There’s much to be glum about these days: the mortgage meltdown, stratospheric gas prices, a resurgent American Left. But this issue of City Journal brings some remarkably good news—signs of progress, to use a resonant word that has fallen out of use.

First, in law enforcement. Everybody knows about New York’s amazing crime turnaround during the nineties under Mayor Rudy Giuliani and his first police chief, William Bratton. But far fewer people know about what Heather Mac Donald calls the “NYPD Diaspora.” Since the late nineties, she reports, an unprecedented migration of NYPD commanders has left the force to take up top-cop positions elsewhere. Mac Donald focuses most intently on East Orange, New Jersey, which had a per-capita crime rate 14 times New York’s when José Cordero arrived in 2004 to direct its police department. Just three years later, after Cordero implemented NYPD-style reforms, major felonies had dropped nearly 70 percent—possibly the greatest crime-fighting success story in American history. And as Mac Donald shows, East Orange is only one of many communities made newly safe by smart policing. Her essay should shake up criminologists, who keep trying to explain crime drops by anything but policing reforms. (Some liberal cities, facing the “Professional Panhandling Plague” described by Steven Malanga, should take heed, too: urban prosperity requires safe, orderly streets, free from aggressive begging.)

A second area where progress is real is in the discipline of economics. No longer do hazy intuition and political ideology have a major influence on economic thought, argues Guy Sorman in the paradigm-shifting “Economics Does Not Lie.” Over the last few decades, he observes, the dismal science has undergone a scientific revolution, so that almost all mainstream economists now embrace the key tenets of market capitalism—for instance, that free trade encourages development, that markets are the most efficient means of allocating scarce resources, and that monetary stability is essential to growth. Milton Friedman, in other words, has defeated Marx and Keynes in the war of ideas. This new consensus, as yet dimly understood by the public, has largely guided global economic policies in recent years—with awe-inspiring results, including the peaceful reconstruction of Eastern Europe and the lifting of hundreds of millions of Indians and Chinese out of poverty.

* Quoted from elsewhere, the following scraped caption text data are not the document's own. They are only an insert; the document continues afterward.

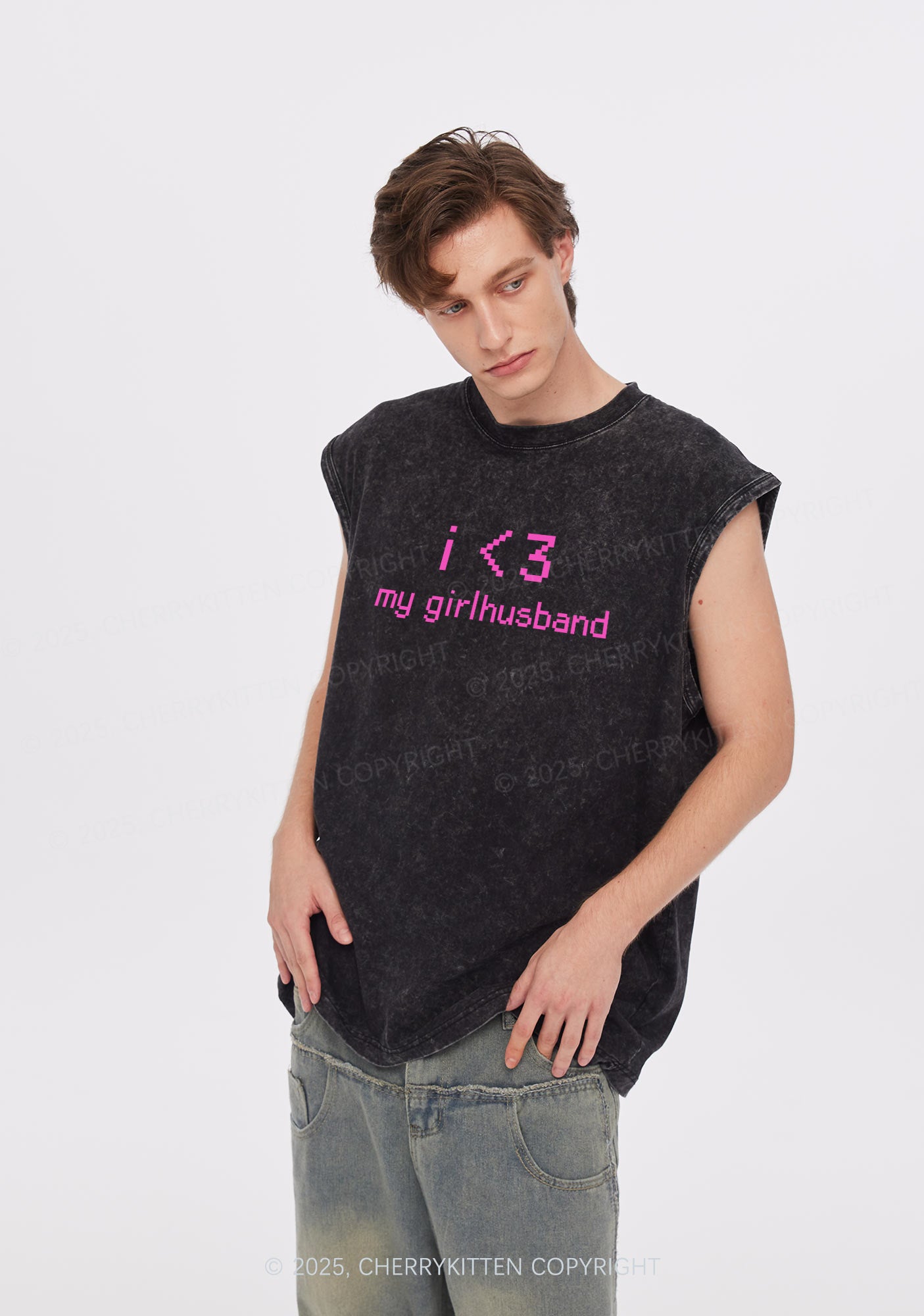 I Love My Girlhusband Y2K Washed Muscle Tank Cherrykitten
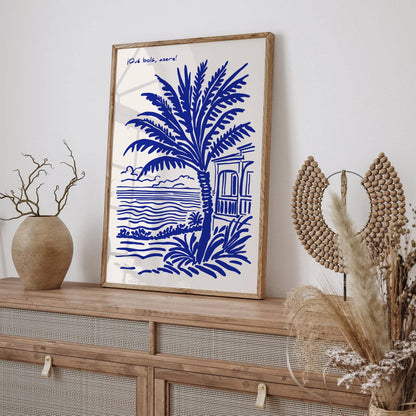 Blue and White Spanish Scenic Travel Poster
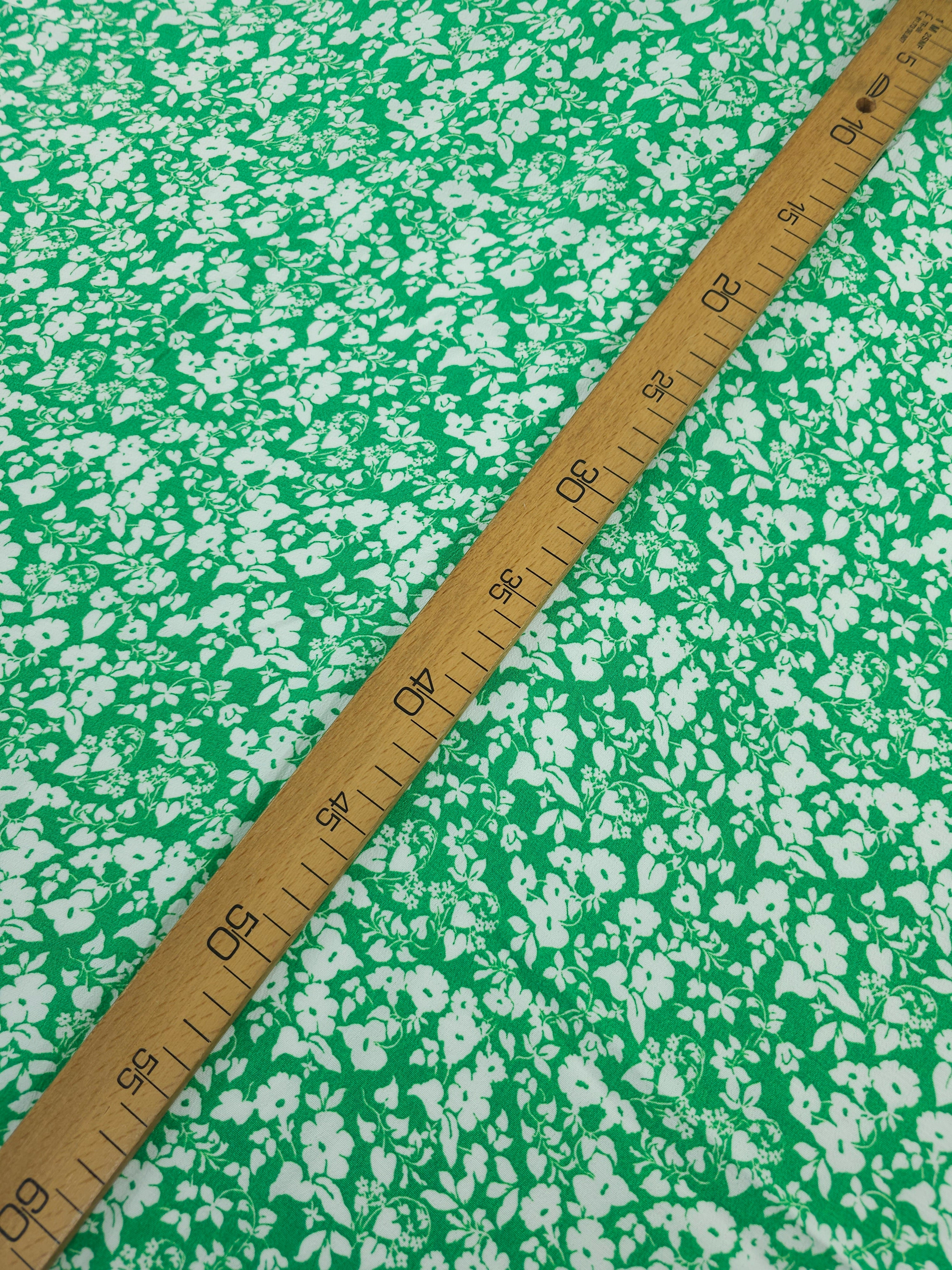 Green/White Floral Leaf Viscose Crepe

Yet good policies aren’t guaranteed to continue, warns Sorman: the free market retains a multitude of enemies, ranging from terror masters who dream of a new caliphate to various constituencies that simply want to defend their own material interests against market competition. And economic mismanagement hasn’t vanished, either, as Nicole Gelinas shows in “New York’s Next Fiscal Crisis.” Mayor Michael Bloomberg ratcheted up spending during his administration as if Wall Street’s long boom, which filled the city’s coffers, would never end, Gelinas notes. Thanks to the profligacy, the market’s recent woes may have a devastating long-term impact on the city.

A third mark of progress charted in this issue of City Journal is the honest and painful discussion that America’s blacks have opened—with themselves and with other Americans—on family breakdown, crime, and educational failure in the African-American community. Spurred by leading African-Americans like Bill Cosby and Juan Williams, this movement refuses to blame the broader society, rich with opportunity, for the ongoing struggles of blacks; it may be the most hopeful development in race relations in years, says Myron Magnet.

Many Americans believe that Democratic presidential candidate Barack Obama offers a new politics of progress and hope. Our lead story, a tour de force of historical and political analysis by Michael Knox Beran, sees in that politics something far darker: a disturbing mix of irrational charisma and communitarian utopianism at odds with the realistic vision of America’s Founding Fathers, one of the most compelling and urbane of whom is the subject of Jerry Weinberger’s lovely essay, “Benjamin Franklin: City Slicker.”